*** Provided data Section Begins ***

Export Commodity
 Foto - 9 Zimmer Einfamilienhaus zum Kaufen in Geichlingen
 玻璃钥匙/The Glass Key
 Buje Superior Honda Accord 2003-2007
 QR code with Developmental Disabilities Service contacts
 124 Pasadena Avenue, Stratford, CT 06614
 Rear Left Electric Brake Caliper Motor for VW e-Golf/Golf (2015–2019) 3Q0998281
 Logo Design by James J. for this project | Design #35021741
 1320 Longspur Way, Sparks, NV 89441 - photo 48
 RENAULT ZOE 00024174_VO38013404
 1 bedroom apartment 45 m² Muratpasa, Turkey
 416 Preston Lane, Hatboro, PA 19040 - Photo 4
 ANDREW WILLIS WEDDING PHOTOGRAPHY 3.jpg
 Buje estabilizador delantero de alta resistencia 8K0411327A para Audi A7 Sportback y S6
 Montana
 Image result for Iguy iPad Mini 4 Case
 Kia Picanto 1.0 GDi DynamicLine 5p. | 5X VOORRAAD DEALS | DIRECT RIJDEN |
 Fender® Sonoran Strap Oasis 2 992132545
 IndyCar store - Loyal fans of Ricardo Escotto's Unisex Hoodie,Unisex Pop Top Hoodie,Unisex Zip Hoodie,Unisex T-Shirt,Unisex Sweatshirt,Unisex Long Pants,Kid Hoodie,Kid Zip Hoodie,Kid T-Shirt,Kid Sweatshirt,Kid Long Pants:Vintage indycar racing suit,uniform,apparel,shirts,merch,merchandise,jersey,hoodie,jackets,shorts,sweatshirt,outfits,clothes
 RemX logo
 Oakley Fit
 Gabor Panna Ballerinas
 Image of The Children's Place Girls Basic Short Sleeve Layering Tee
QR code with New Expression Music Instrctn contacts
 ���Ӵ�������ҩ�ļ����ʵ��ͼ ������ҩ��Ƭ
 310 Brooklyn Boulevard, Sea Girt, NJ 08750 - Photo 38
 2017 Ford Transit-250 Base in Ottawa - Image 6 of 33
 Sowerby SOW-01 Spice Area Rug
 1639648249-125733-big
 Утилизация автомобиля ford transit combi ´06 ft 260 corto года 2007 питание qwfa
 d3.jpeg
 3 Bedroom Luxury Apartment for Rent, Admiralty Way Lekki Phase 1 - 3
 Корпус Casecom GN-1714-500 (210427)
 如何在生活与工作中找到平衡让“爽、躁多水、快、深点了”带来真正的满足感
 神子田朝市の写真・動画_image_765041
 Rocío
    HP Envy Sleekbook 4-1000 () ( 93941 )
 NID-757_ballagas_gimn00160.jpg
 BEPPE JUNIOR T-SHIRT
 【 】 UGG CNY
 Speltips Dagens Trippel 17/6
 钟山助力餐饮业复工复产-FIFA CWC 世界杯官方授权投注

*** Provided data Section Ends ***

**Assigned task:**
In the listing above, locate the line containing "124 Pasadena Avenue, Stratford, CT 06614" and the line containing "ANDREW WILLIS WEDDING PHOTOGRAPHY 3.jpg". Extract those two lines and every line between them, exactly as written, and only those.

**Your solution:**
 124 Pasadena Avenue, Stratford, CT 06614
 Rear Left Electric Brake Caliper Motor for VW e-Golf/Golf (2015–2019) 3Q0998281
 Logo Design by James J. for this project | Design #35021741
 1320 Longspur Way, Sparks, NV 89441 - photo 48
 RENAULT ZOE 00024174_VO38013404
 1 bedroom apartment 45 m² Muratpasa, Turkey
 416 Preston Lane, Hatboro, PA 19040 - Photo 4
 ANDREW WILLIS WEDDING PHOTOGRAPHY 3.jpg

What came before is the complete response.